Throughout his career, Richard Jones has written from a luminous interiority, in deceptively simple, elegant language. His complex and intimate poems are spare, intentional models of clarity and restraint. Yet the formal quietness and the clear style belie neither the poetry’s soulfulness nor the poet’s intelligence; rather, such lucidity attains a kind of radiance. Apropos of Nothing is “about nothing,” and yet it evokes the essential suffering, bliss, and awakening of the attentive life. These well-reasoned, wise poems are portraits of intellection that show us just how joyous and sustaining the music of the mind can be.
Richard Jones was born in London and educated at the University of Virginia. His first book of poetry, Country of Air (Copper Canyon Press, 1986), won the Posner Award from the Council for Wisconsin Writers. He published At Last We Enter Paradise in 1991 and Perfect Time in 1994.

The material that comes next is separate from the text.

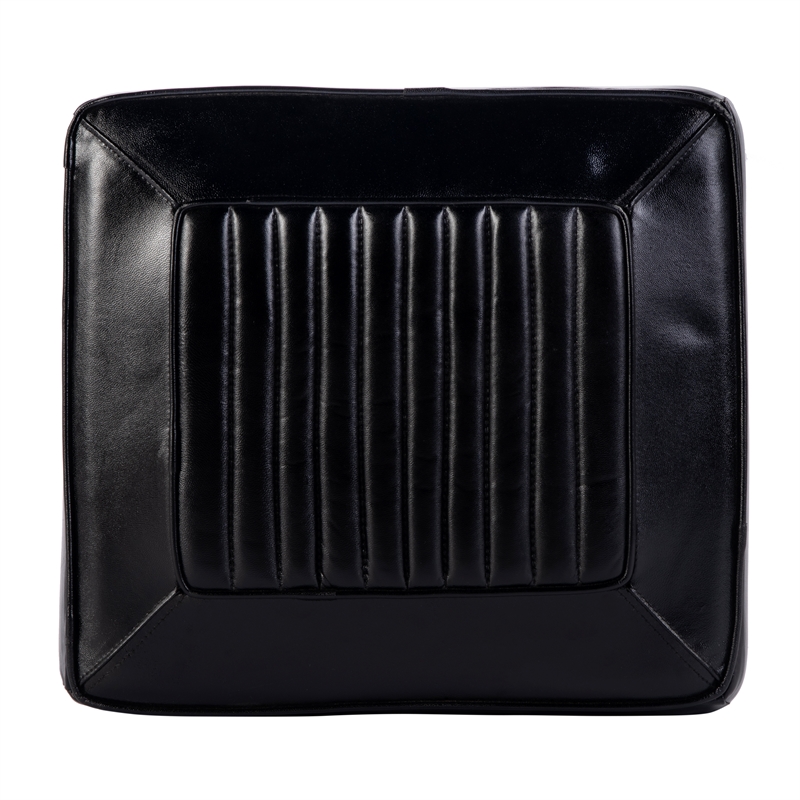 Pemberly Row Backless Bar Stool in Black Leather with Metal Frame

Jones has edited Poetry East since 1979 and has edited two critical anthologies Poetry and Politics and Of Solitude and Silence: Writings on Robert Bly. He is a professor at DePaul University in Chicago.
The book wasn't bad, but it didn't really stand out. Many of the poems felt like Jones was trying too hard, or maybe not hard enough. Some of the poems felt more like exercises (E.G. "The Spoon" and "Plums": "I liken death to a bowl/of ripe purple plums/enjoyed on the terrace of a high mountain lodge/at dawn above a quiet lake").

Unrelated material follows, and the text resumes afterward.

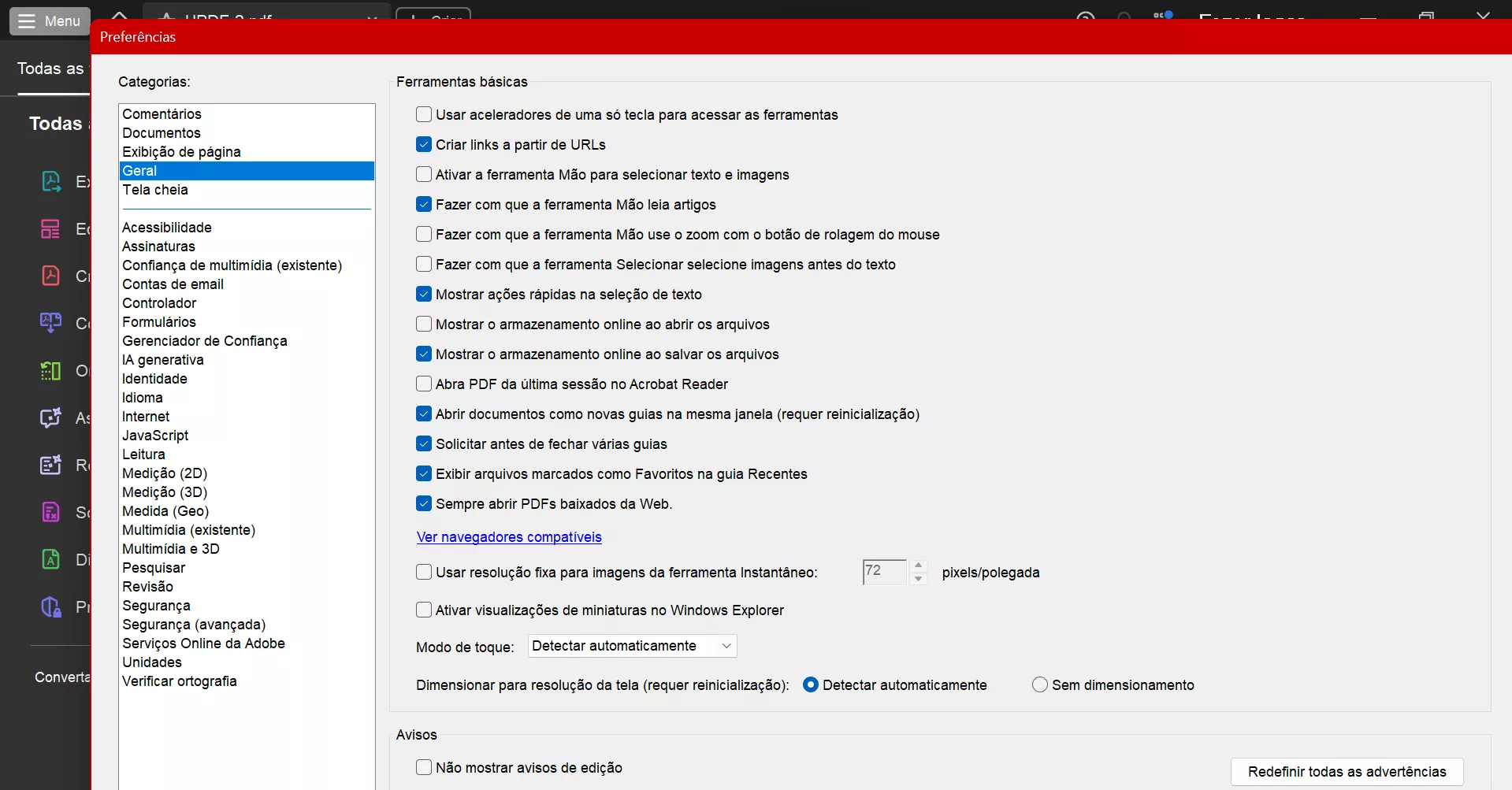 desmarcar as opções de armazenamento online no Adobe Acrobat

It's a very safe book full of stillness, softness, and quiet reading that you could give to your grandmother to enjoy. That's not bad, but I usually like poems with a little more bite.
I like the structure of the poems and it's refreshing to see each poem so close together instead of disconnected.

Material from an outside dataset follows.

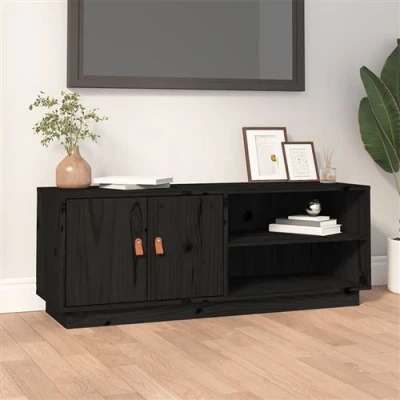 Afbeelding van Tv meubel 105x34x40 cm massief grenenhout zwart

I enjoyed "Tea Ceremony" ("and that to prepare/tea so unceremoniously,/in a humming microwave,/forgoing ritual,/disparages grace and beauty./But it's past midnight - no one is watching"); and "Infinity and God" and "Cherries in the Snow" were more like what it seemed he was reaching for.
Just not my cup of tea. There were a few poems that I enjoyed, but nothing really stood out to me. I'm not a big poetry person by any means, so maybe I'm missing something here - unable to appreciate the art form in which it's displayed in this book.